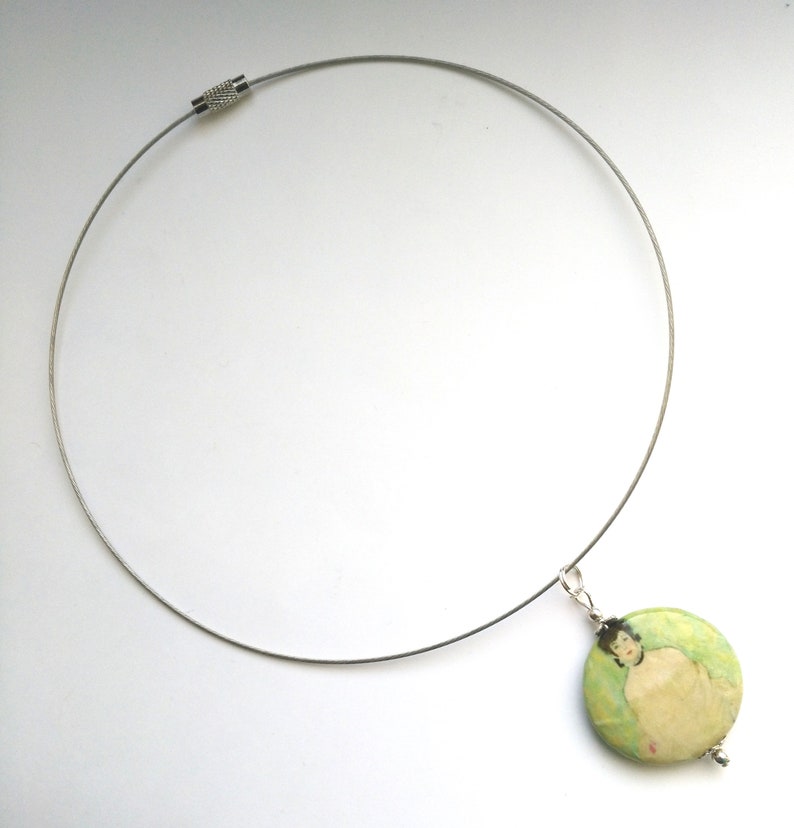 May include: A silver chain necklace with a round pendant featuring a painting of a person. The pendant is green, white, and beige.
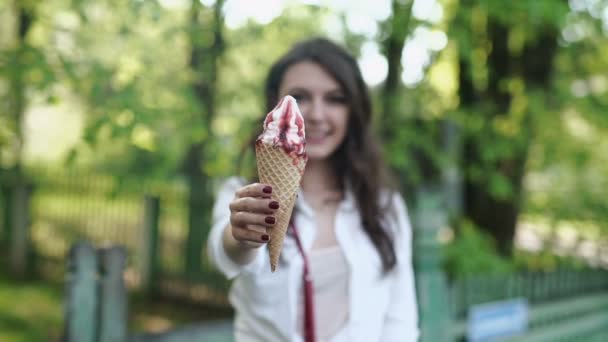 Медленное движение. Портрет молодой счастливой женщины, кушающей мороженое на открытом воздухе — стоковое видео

....

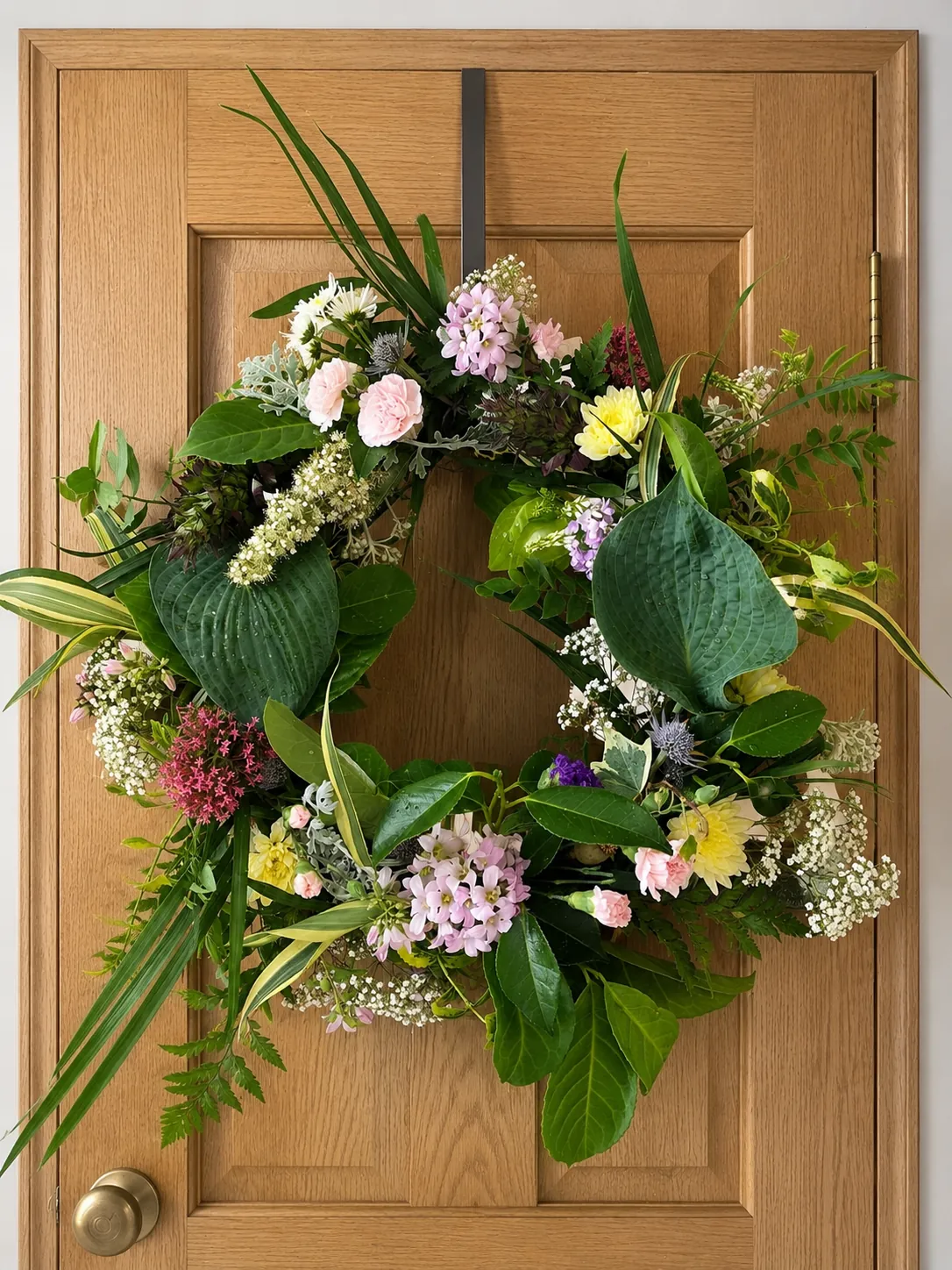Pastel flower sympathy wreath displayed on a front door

....

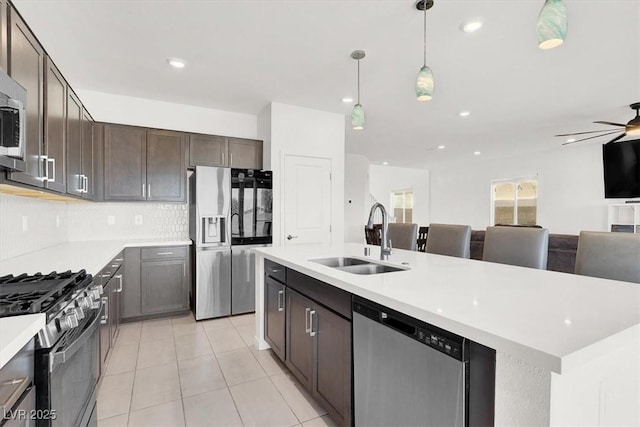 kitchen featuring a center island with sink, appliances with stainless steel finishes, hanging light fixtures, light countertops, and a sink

....

■ **GOAL OF THE EXERCISE**
From the listing above, please give again the lines that begin with the line holding "May include: A" and go on through the line holding "Медленное движение. Портрет", exactly, both ends included, minus any picture.

■ **ANSWER BELOW**
 May include: A silver chain necklace with a round pendant featuring a painting of a person. The pendant is green, white, and beige.
 Медленное движение. Портрет молодой счастливой женщины, кушающей мороженое на открытом воздухе — стоковое видео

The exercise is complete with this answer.